**The records**
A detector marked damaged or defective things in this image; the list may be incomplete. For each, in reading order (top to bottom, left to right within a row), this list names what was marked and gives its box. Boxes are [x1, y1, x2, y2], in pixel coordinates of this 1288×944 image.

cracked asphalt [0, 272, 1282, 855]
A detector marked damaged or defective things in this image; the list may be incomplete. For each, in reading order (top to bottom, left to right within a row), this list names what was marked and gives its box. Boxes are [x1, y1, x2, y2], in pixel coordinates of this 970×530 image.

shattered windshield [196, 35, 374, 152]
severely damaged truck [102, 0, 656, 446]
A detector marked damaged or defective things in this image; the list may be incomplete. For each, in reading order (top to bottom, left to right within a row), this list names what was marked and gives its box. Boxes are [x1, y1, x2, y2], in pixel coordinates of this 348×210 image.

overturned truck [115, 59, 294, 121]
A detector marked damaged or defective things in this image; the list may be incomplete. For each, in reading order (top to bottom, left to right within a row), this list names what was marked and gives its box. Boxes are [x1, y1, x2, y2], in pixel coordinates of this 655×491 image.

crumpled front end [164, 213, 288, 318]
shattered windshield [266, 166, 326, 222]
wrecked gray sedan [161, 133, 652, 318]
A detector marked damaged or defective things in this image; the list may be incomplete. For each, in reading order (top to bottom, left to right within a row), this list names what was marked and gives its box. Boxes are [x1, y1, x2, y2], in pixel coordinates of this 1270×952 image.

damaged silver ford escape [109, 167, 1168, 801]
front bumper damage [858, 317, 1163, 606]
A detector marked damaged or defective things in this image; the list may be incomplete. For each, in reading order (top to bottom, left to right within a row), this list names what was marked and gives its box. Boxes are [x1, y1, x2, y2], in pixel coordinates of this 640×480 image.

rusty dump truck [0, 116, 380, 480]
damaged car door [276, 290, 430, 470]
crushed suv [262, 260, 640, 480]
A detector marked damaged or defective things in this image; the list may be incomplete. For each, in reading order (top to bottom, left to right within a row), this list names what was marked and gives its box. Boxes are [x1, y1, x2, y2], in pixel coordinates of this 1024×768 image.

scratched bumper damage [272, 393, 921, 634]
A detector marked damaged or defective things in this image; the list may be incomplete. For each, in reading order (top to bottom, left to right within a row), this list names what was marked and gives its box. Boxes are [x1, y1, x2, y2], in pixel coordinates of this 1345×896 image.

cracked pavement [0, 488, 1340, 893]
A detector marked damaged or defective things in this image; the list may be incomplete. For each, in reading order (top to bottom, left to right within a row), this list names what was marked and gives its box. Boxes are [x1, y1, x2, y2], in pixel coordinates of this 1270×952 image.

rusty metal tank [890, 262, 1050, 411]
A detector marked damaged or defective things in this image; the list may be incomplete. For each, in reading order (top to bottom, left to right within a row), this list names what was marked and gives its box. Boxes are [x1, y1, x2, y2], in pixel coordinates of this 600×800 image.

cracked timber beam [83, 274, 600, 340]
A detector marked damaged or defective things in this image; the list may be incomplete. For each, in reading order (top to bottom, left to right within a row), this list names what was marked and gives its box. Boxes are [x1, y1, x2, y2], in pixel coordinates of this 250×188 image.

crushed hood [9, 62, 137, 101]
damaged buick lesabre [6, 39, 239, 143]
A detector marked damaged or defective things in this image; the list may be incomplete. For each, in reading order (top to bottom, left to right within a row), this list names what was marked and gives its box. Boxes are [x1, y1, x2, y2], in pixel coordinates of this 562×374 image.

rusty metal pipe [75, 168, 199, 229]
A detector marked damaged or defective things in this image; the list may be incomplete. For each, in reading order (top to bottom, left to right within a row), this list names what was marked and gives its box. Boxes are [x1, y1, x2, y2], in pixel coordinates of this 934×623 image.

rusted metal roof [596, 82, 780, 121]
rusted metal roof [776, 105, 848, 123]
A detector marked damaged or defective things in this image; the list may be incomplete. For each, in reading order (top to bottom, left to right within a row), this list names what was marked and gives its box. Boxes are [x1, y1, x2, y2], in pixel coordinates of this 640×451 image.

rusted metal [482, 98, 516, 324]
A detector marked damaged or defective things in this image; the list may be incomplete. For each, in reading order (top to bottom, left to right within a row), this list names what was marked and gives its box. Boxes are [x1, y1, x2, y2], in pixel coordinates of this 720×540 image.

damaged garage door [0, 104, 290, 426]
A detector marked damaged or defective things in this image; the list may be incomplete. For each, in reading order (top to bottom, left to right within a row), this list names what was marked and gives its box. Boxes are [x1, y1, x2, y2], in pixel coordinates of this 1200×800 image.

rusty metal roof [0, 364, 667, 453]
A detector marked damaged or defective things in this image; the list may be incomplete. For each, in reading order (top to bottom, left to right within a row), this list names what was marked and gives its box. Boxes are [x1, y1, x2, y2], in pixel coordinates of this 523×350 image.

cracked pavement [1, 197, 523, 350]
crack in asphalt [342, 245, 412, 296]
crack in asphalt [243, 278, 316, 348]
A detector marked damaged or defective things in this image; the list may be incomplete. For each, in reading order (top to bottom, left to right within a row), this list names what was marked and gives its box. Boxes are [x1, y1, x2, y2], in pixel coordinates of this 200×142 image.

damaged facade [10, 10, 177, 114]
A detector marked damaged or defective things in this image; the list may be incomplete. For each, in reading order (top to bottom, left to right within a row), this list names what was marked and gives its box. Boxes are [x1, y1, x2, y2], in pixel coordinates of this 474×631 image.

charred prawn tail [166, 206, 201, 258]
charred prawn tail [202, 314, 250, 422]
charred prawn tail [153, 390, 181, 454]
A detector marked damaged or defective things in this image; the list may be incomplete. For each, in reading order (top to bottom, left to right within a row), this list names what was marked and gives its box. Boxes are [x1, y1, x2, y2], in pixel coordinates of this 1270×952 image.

**Your task**
Nothing but an exact transcription of the records is expected.

**Task solution**
A detector marked damaged or defective things in this image; the list may be incomplete. For each, in reading order (top to bottom, left to right within a row), this list names what was marked and gives its box. Boxes are [x1, y1, x2, y2], in pixel coordinates of this 1288×944 image.

cracked asphalt [0, 272, 1282, 855]
A detector marked damaged or defective things in this image; the list may be incomplete. For each, in reading order (top to bottom, left to right within a row), this list names what was marked and gives its box. Boxes are [x1, y1, x2, y2], in pixel coordinates of this 970×530 image.

shattered windshield [196, 35, 374, 152]
severely damaged truck [102, 0, 656, 446]
A detector marked damaged or defective things in this image; the list may be incomplete. For each, in reading order (top to bottom, left to right within a row), this list names what was marked and gives its box. Boxes are [x1, y1, x2, y2], in pixel coordinates of this 348×210 image.

overturned truck [115, 59, 294, 121]
A detector marked damaged or defective things in this image; the list may be incomplete. For each, in reading order (top to bottom, left to right within a row), this list names what was marked and gives its box. Boxes are [x1, y1, x2, y2], in pixel coordinates of this 655×491 image.

crumpled front end [164, 213, 288, 318]
shattered windshield [266, 166, 326, 222]
wrecked gray sedan [161, 133, 652, 318]
A detector marked damaged or defective things in this image; the list may be incomplete. For each, in reading order (top to bottom, left to right within a row), this list names what was marked and gives its box. Boxes are [x1, y1, x2, y2], in pixel coordinates of this 1270×952 image.

damaged silver ford escape [109, 167, 1168, 801]
front bumper damage [858, 317, 1163, 606]
A detector marked damaged or defective things in this image; the list may be incomplete. For each, in reading order (top to bottom, left to right within a row), this list names what was marked and gives its box. Boxes are [x1, y1, x2, y2], in pixel coordinates of this 640×480 image.

rusty dump truck [0, 116, 380, 480]
damaged car door [276, 290, 430, 470]
crushed suv [262, 260, 640, 480]
A detector marked damaged or defective things in this image; the list may be incomplete. For each, in reading order (top to bottom, left to right within a row), this list names what was marked and gives its box. Boxes are [x1, y1, x2, y2], in pixel coordinates of this 1024×768 image.

scratched bumper damage [272, 393, 921, 634]
A detector marked damaged or defective things in this image; the list may be incomplete. For each, in reading order (top to bottom, left to right within a row), this list names what was marked and gives its box. Boxes are [x1, y1, x2, y2], in pixel coordinates of this 1345×896 image.

cracked pavement [0, 488, 1340, 893]
A detector marked damaged or defective things in this image; the list may be incomplete. For each, in reading order (top to bottom, left to right within a row), this list names what was marked and gives its box. Boxes are [x1, y1, x2, y2], in pixel coordinates of this 1270×952 image.

rusty metal tank [890, 262, 1050, 411]
A detector marked damaged or defective things in this image; the list may be incomplete. For each, in reading order (top to bottom, left to right within a row), this list names what was marked and gives its box. Boxes are [x1, y1, x2, y2], in pixel coordinates of this 600×800 image.

cracked timber beam [83, 274, 600, 340]
A detector marked damaged or defective things in this image; the list may be incomplete. For each, in reading order (top to bottom, left to right within a row), this list names what was marked and gives its box. Boxes are [x1, y1, x2, y2], in pixel coordinates of this 250×188 image.

crushed hood [9, 62, 137, 101]
damaged buick lesabre [6, 39, 239, 143]
A detector marked damaged or defective things in this image; the list may be incomplete. For each, in reading order (top to bottom, left to right within a row), this list names what was marked and gives its box. Boxes are [x1, y1, x2, y2], in pixel coordinates of this 562×374 image.

rusty metal pipe [75, 168, 199, 229]
A detector marked damaged or defective things in this image; the list may be incomplete. For each, in reading order (top to bottom, left to right within a row), this list names what was marked and gives its box. Boxes are [x1, y1, x2, y2], in pixel coordinates of this 934×623 image.

rusted metal roof [596, 82, 780, 121]
rusted metal roof [776, 105, 848, 123]
A detector marked damaged or defective things in this image; the list may be incomplete. For each, in reading order (top to bottom, left to right within a row), this list names what was marked and gives its box. Boxes are [x1, y1, x2, y2], in pixel coordinates of this 640×451 image.

rusted metal [482, 98, 516, 324]
A detector marked damaged or defective things in this image; the list may be incomplete. For each, in reading order (top to bottom, left to right within a row), this list names what was marked and gives its box. Boxes are [x1, y1, x2, y2], in pixel coordinates of this 720×540 image.

damaged garage door [0, 104, 290, 426]
A detector marked damaged or defective things in this image; the list may be incomplete. For each, in reading order (top to bottom, left to right within a row), this list names what was marked and gives its box. Boxes are [x1, y1, x2, y2], in pixel coordinates of this 1200×800 image.

rusty metal roof [0, 364, 667, 453]
A detector marked damaged or defective things in this image; the list may be incomplete. For each, in reading order (top to bottom, left to right within a row), this list names what was marked and gives its box. Boxes are [x1, y1, x2, y2], in pixel coordinates of this 523×350 image.

cracked pavement [1, 197, 523, 350]
crack in asphalt [342, 245, 412, 296]
crack in asphalt [243, 278, 316, 348]
A detector marked damaged or defective things in this image; the list may be incomplete. For each, in reading order (top to bottom, left to right within a row), this list names what was marked and gives its box. Boxes are [x1, y1, x2, y2], in pixel coordinates of this 200×142 image.

damaged facade [10, 10, 177, 114]
A detector marked damaged or defective things in this image; the list may be incomplete. For each, in reading order (top to bottom, left to right within a row), this list names what was marked and gives its box. Boxes are [x1, y1, x2, y2], in pixel coordinates of this 474×631 image.

charred prawn tail [166, 206, 201, 258]
charred prawn tail [202, 314, 250, 422]
charred prawn tail [153, 390, 181, 454]
A detector marked damaged or defective things in this image; the list may be incomplete. For each, in reading order (top to bottom, left to right within a row), this list names what was marked and gives its box. Boxes are [x1, y1, x2, y2], in pixel coordinates of this 1270×952 image.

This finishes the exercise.